❖不法投棄は幾重もの罪❖ まいに知・あらび基・おもいつ記(2022年2月7日)
(長さも中身もバラバラ、日々スマホメモに綴る単なる素材、支離滅裂もご容赦を)
◆不法投棄は幾重もの罪◆
荒川の近くを散歩していた。鉄橋の下は、金網で囲まれたデッドスペースになっていた。
車道の脇に細い歩道があるので、人の往来がないわけではないが、夜などはほとんど通る人がいないのだろう。
その隙をついて、このデッドスペースにゴミを捨てる人が後を絶たず、無数のゴミが積み重なっていた。
不法投棄は当然のことながら罪である。廃棄物処理法によれば、第25条で5年以下の懲役か1000万円以下の罰金、またはその両方の罰則が課せられることになっている。
これは「不法投棄という行為自体に対する『行いの罪』」を問うものである。しかし不法投棄という行為は、無意識とか反射的に行われるものとは考えられない。
ということは、不法投棄を実際にした人は、「不法投棄してしまおうかなという『思いの罪』」をその前段階で犯していることになる。
しかし、『思いの罪』を犯してしまったとしても、すぐに実行に移るものではなく、その前に社会的に許されないという道徳的なブレーキが心の中で働くはずである。大抵の人はこの時点でブレーキが正しく機能し、実際に不法投棄が行われることはない。
その際、「バレなきゃいいや」とか「大丈夫、大丈夫」といった感覚によって、ブレーキが正しく機能しないと、実際に不法投棄が行われる。それは「ブレーキをかけるべきところなのに、かけなかった」わけで、「為すべきこと為さない」という『怠りの罪』と捉えることができる。

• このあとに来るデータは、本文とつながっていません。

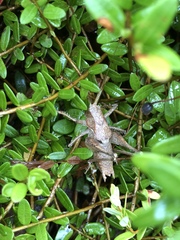 Atlanticus americanus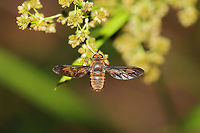 Poecilanthrax nigripennis on flowers at the edge of a dense mixed forest. <br />
https://www.jungledragon.com/image/90691/poecilanthrax_nigripennis.html Geotagged,Poecilanthrax nigripennis,Spring,United States
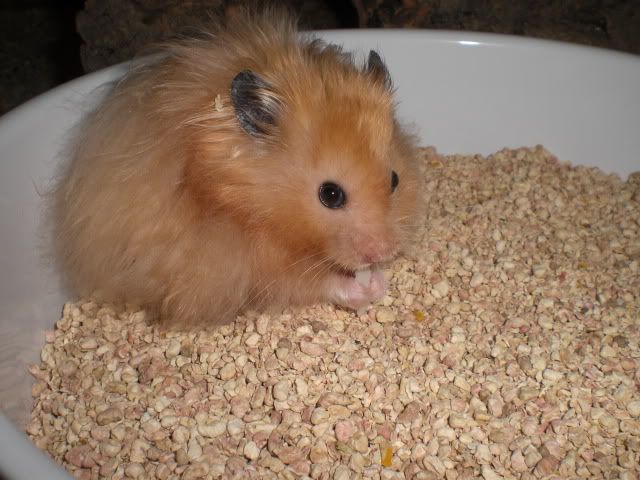 CIMG7567.jpg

これら『行い、思い、怠りの罪』は、いずれもキリスト教に関わる罪で、ミサにおける回心の祈りの中で、罪の赦しを求めるものである。
回心の祈りの式文は次の通りである。
「兄弟の皆さんに告白します。わたしは、思い、ことば、行い、怠りによってたびたび罪を犯しました。聖母マリア、すべての天使と聖人、そして兄弟の皆さん、罪深いわたしのために神に祈ってください。」
キリスト教においては、このように様々な類型の罪が示され、その告戒が行われる。そのうち『行いの罪』は先程述べたように、産業廃棄物法などで罰せられるが、『思いの罪』を罰する法律はない。
私が敬愛するマンガ『家栽の人』でも次のようなセリフでそのことに触れている。
「心の中の出来事を裁く法律はありませんよ。報いが必要なのは本当の罪だけです。その人が一生罪を持ち歩かなくていいように」
また『怠りの罪』も保護責任者遺棄罪のような不作為犯は処罰対象になるものの、今回のような「心のブレーキをかけなかったこと」はそれには該当しない。だから、ブレーキがかからずゴミを不法投棄しようと鉄橋の下まで持っていったが、人がいたので諦めて引き返す途中、警察に会って問い詰められ、不法投棄するつもりでしたと言っても、それを罪に問うことはできないだろう。
ただ法律で罰せられないことが、そのまま正しいということにはならない。やはり、道徳的に不法投棄は良くないと思ったり、やめておこうとブレーキをかけられたりすることは大切な精神性だと思う。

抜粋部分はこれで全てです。